Seven years later, Cameron was blocking for future NFL Hall of Famers Aaron Rodgers and Marshawn Lynch. A college scholarship athlete at a prominent Division I school.
Ten years after that, Cameron, now 34, wakes up every morning around 2 a.m. at his Santa Rosa home, the pain above his right shoulder so intense, the shredded herniated disk reminding him of the 32 games he played at Cal.
So get out your magic marker, folks, and let’s connect the dots. You’ll find you’ll need about two of them. Some people might consider this a journey. Others will think of it as Mister Toad’s Wild Ride. Either way, make a pot of coffee and stay for awhile. This takes some ‘splainin’.
How’s this for a beginning: Cameron has had a torn biceps tendon, two concussions, two shoulder surgeries, three knee surgeries and doesn’t regret a moment of football — even after remembering the time his right thumb was bent so far back it touched his right forearm.
He thinks of his injuries as a blessing.
Of course, Cameron wouldn’t want his son to play football.

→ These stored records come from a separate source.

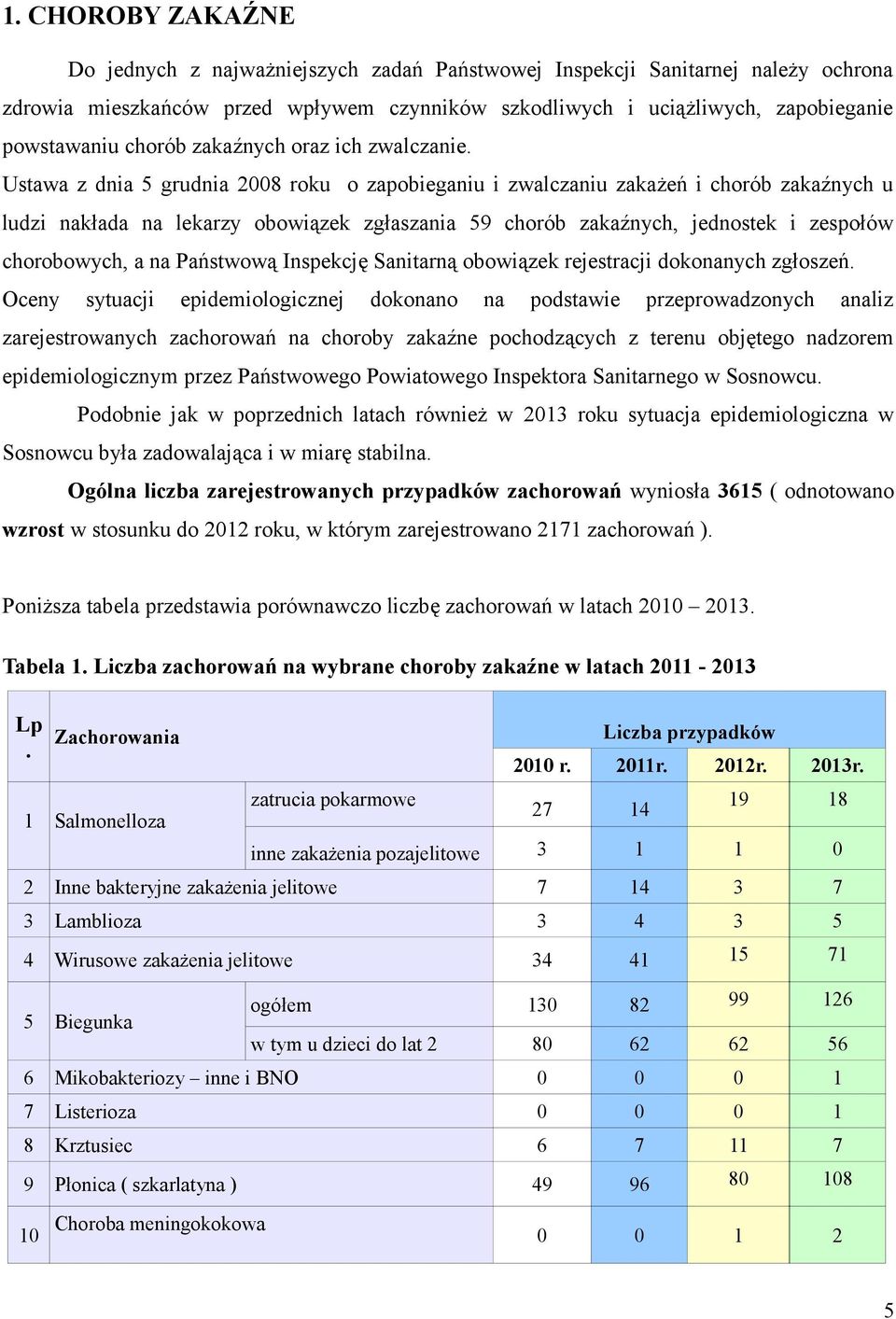 Ustawa z dnia 5 grudnia 2008 roku o zapobieganiu i zwalczaniu zakażeń i chorób zakaźnych u ludzi nakłada na lekarzy obowiązek zgłaszania 59 chorób zakaźnych, jednostek i zespołów chorobowych, a na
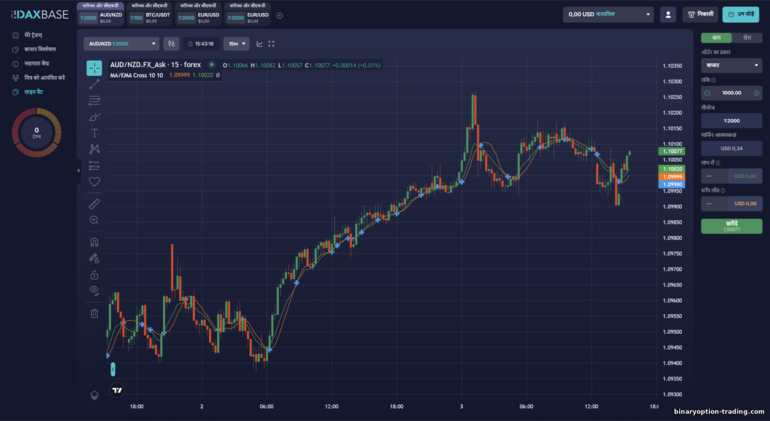 DaxBase प्लेटफ़ॉर्म पर CFD और Forex ट्रेडिंग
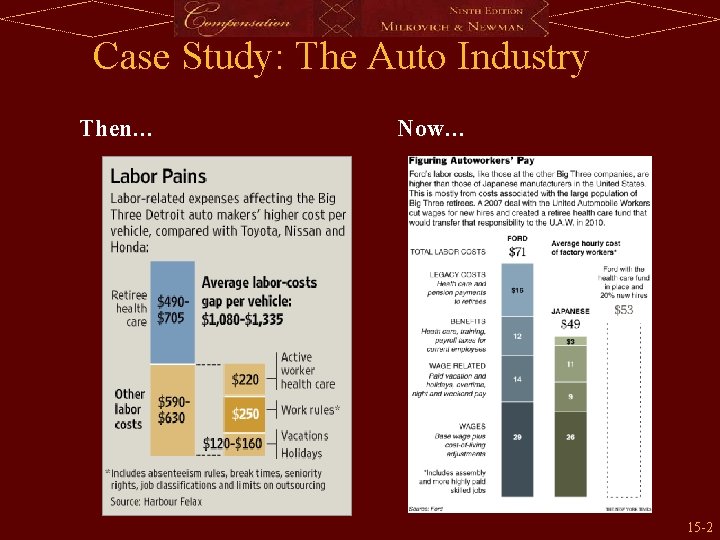 Case Study: The Auto Industry Then… Now… 15 -2 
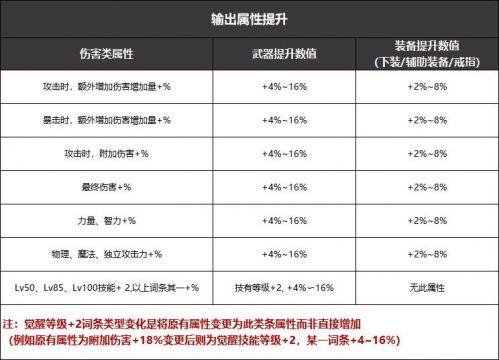 DNF黑鸦之境武器升级攻略(DNF黑鸦之境武器装备怎么升级)插图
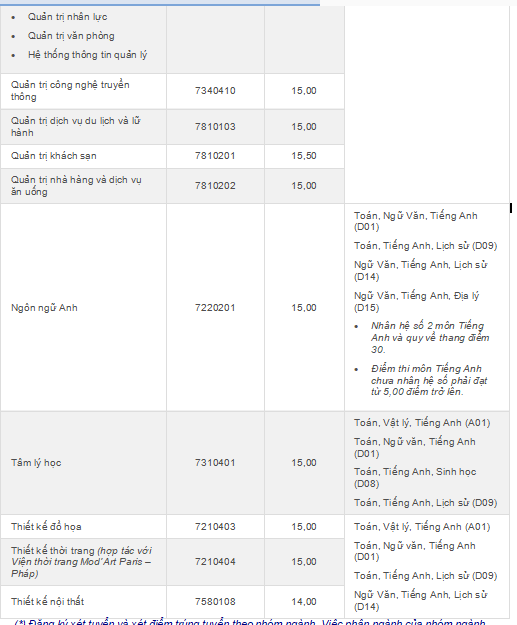 Điểm sàn xét tuyển của đại học Hoa Sen tối thiểu 14 điểm ảnh 2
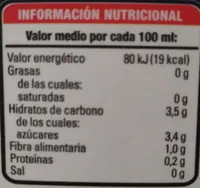 Bebida de arándanos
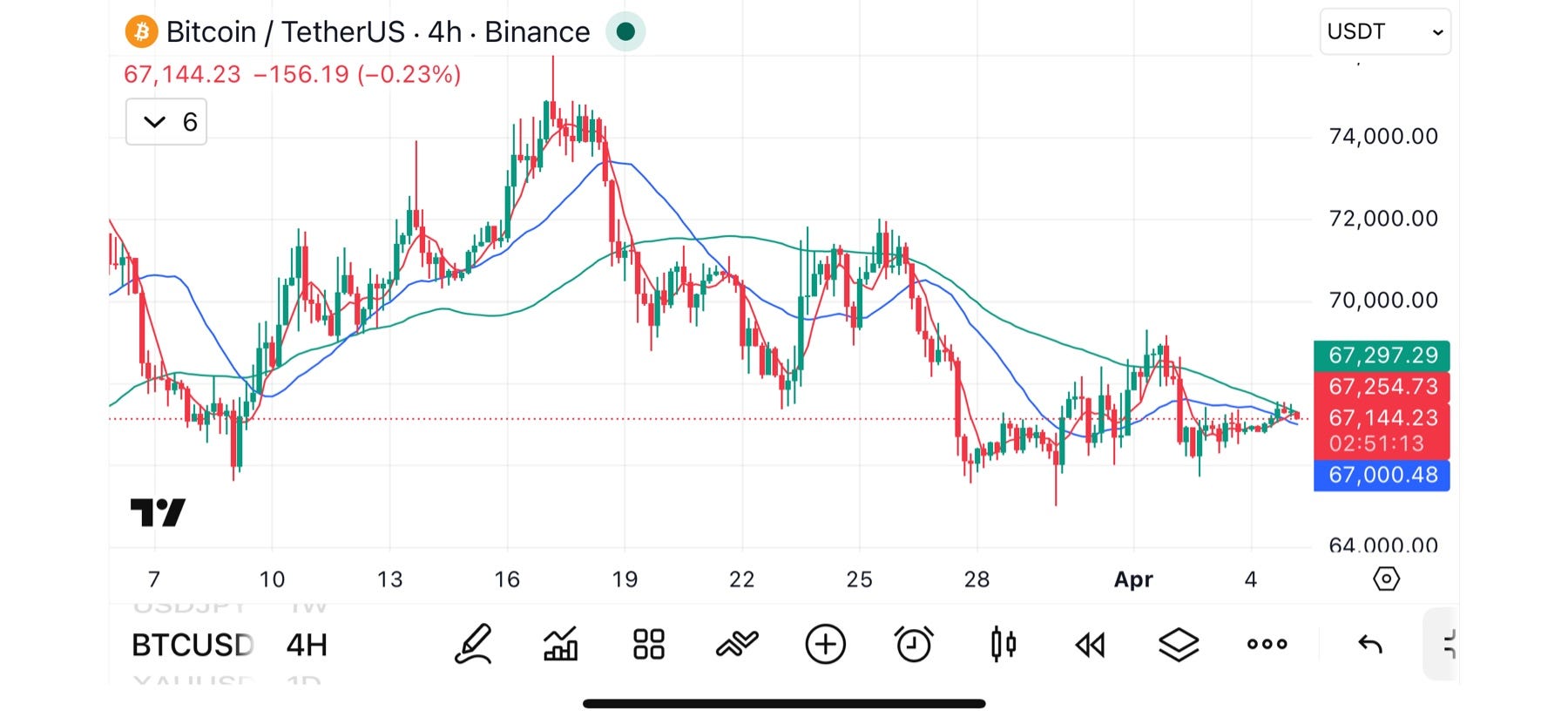 Compression Before Expansion – BTCUSDT 4H Analysis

Unless his son saw football as akin to taking a breath — needing it to be alive.
“When Tom Kirkpatrick told me I was going to play tackle,” Cameron said of his neophyte beginning at Healdsburg, “I thought that meant I was going to tackle someone.”
Cameron was 6-foot-5, 275 pounds as a freshman and, given his lack of knowledge about the game at the time, he thought he needed to have the personality of a fire-eating dragon. So he quit before his first game as a sophomore. Wait, the head coach said, lemme come to your house to chat. Go to one more practice but do it with this direction — you only have to be the dragon on the field. Off it, Cameron could be a school crossing guard if he wanted. Separate the two.

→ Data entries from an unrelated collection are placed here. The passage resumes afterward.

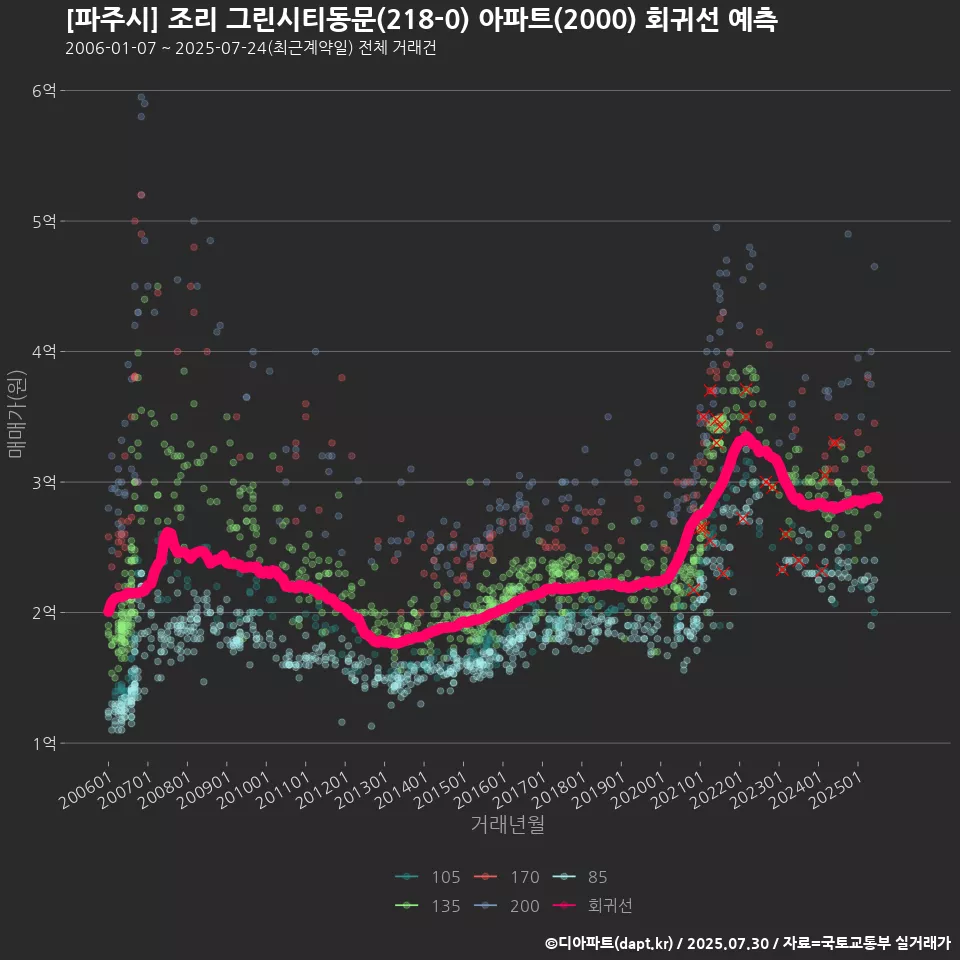 [파주시] 조리 그린시티동문(218-0) 아파트(2000) 회귀선 예측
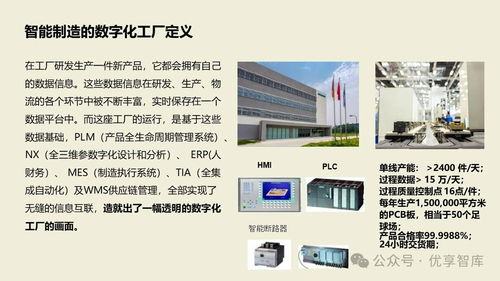 數(shù)字化智能工廠MES項(xiàng)目實(shí)施建設(shè)方案 PLM、NX、ERP、MES、TIA及WMS供應(yīng)鏈管理集成實(shí)踐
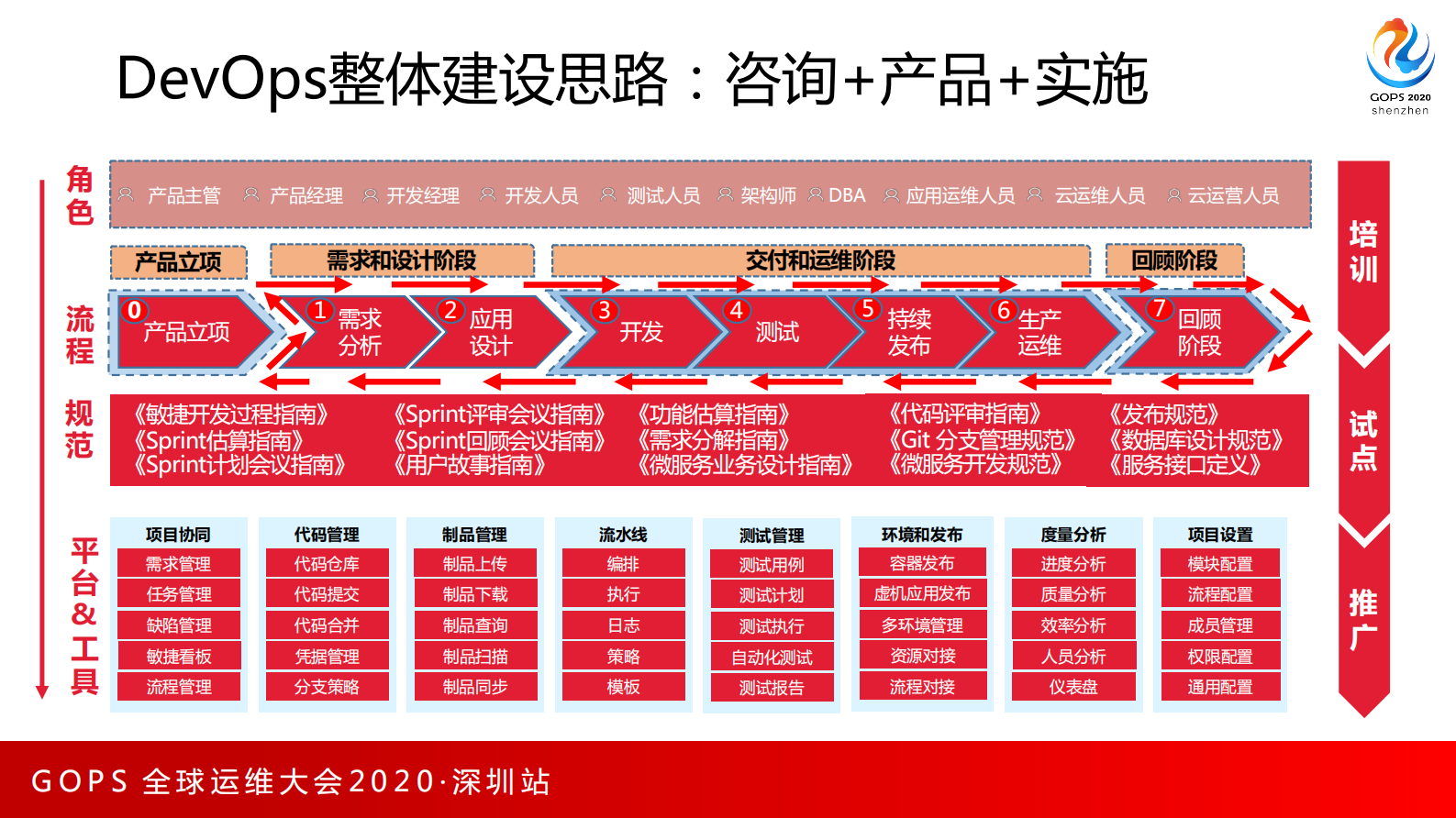 企业数字化转型中devops对于运维的改变与实践 第9页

Fine, the kid said. Mature and smart, Cameron found it uncomplicated to own two personalities. The game, however, was a bit more difficult to master. He had the big body required of an offensive lineman. But the big body was growing. Cameron’s mind was racing to keep up. Kirkpatrick, along with assistant coach Gale Bach, persuaded — would forced be too strong a word? — Cameron to attend a June camp for college prospects at Berkeley.
“A Division I athlete?” Cameron laughed at the thought. He had just finished his sophomore season. He was barely feeling competent, not stellar. This could be embarrassing. And then the miracle occurred — to this day, Cameron isn’t sure what happened.
Across from him during a drill was Tosh Lupoi, a De La Salle kid who was Cal’s top-rated defensive prospect. Block him, Cameron was told, and do three things. Set your feet apart; establish a wide base. Get your butt down. Fire your hands into the chest of your opponent.